Limitations & Future Work

  • The linear progress assumption \(p_i=i/t\) may fail in long-horizon, phased tasks where progress might jump between stages, requiring finer non-linear modeling.
  • Weighted fusion in multimodal action distributions might average into invalid actions (e.g., between two feasible trajectories); though thresholding mitigates this, it is not systematically discussed.
  • The 0.5B VLM verifier is not extremely lightweight; with 0.5s latency on Franka, it is still heavy for high-frequency control (>100Hz).
  • Experimental validation was limited to tabletop manipulation; effectiveness in mobile manipulation / bimanual / contact-rich tasks remains unverified.
  • Physical reversibility assumptions for negative samples may not strictly hold in tasks with collisions, friction, or non-conservative constraints.
  • vs.
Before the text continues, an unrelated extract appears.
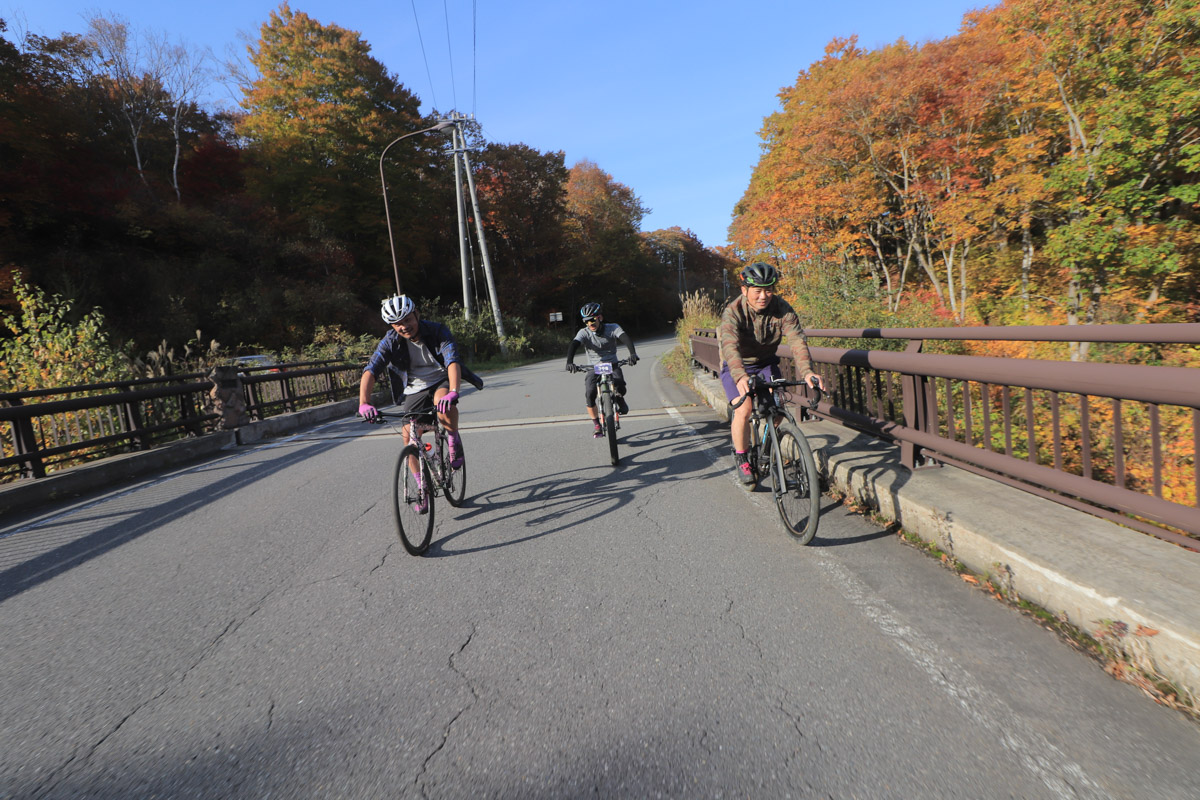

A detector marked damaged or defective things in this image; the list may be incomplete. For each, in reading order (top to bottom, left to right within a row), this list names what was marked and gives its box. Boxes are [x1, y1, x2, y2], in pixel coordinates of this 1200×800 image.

crack in asphalt [417, 623, 477, 800]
RoboMonkey (Kwok et al., 2025): RoboMonkey uses Gaussian sampling + LLaVA-7B reward head. Ours wins on both ends—lower MMD for the sampler and \(12\times\) faster batch verification with semantic scores.
  • vs. TACO (Yang et al., 2025a): TACO uses state-count optimization for verifiers, which is more tightly coupled to the policy. TapSampling promotes plug-and-play generality with similar gains on LIBERO-Long.
  • vs. Progress estimation works (Zhai/Zhang 2025; Ghasemipour 2025): Their progress functions usually look only at state \(s\) for RL rewards. Ours explicitly conditions on candidate action \(a\) to predict \(\Delta p\) for inference scoring.
  • vs. LLM/Diffusion verifier-guided sampling (PRM, Best-of-N): Conceptually similar, but this work demonstrates that in physical execution, "verifier interpretability" and "latency control" are the decisive factors.

Rating

  • Novelty: ⭐⭐⭐⭐ Porting inference-time scaling to robotics with specific innovations like time-reversed negative samples and batch scoring.
  • Experimental Thoroughness: ⭐⭐⭐⭐ Three sim policies + LIBERO + multi-task Franka, covering latency, fidelity (MMD), and upper/lower bound comparisons.
  • Writing Quality: ⭐⭐⭐⭐ Clear motivation and methodology with well-aligned formulas and tables.
  • Value: ⭐⭐⭐⭐ Plug-and-play capability for mainstream VLAs with high engineering reuse value; significant for the inference-time scaling paradigm in embodied AI.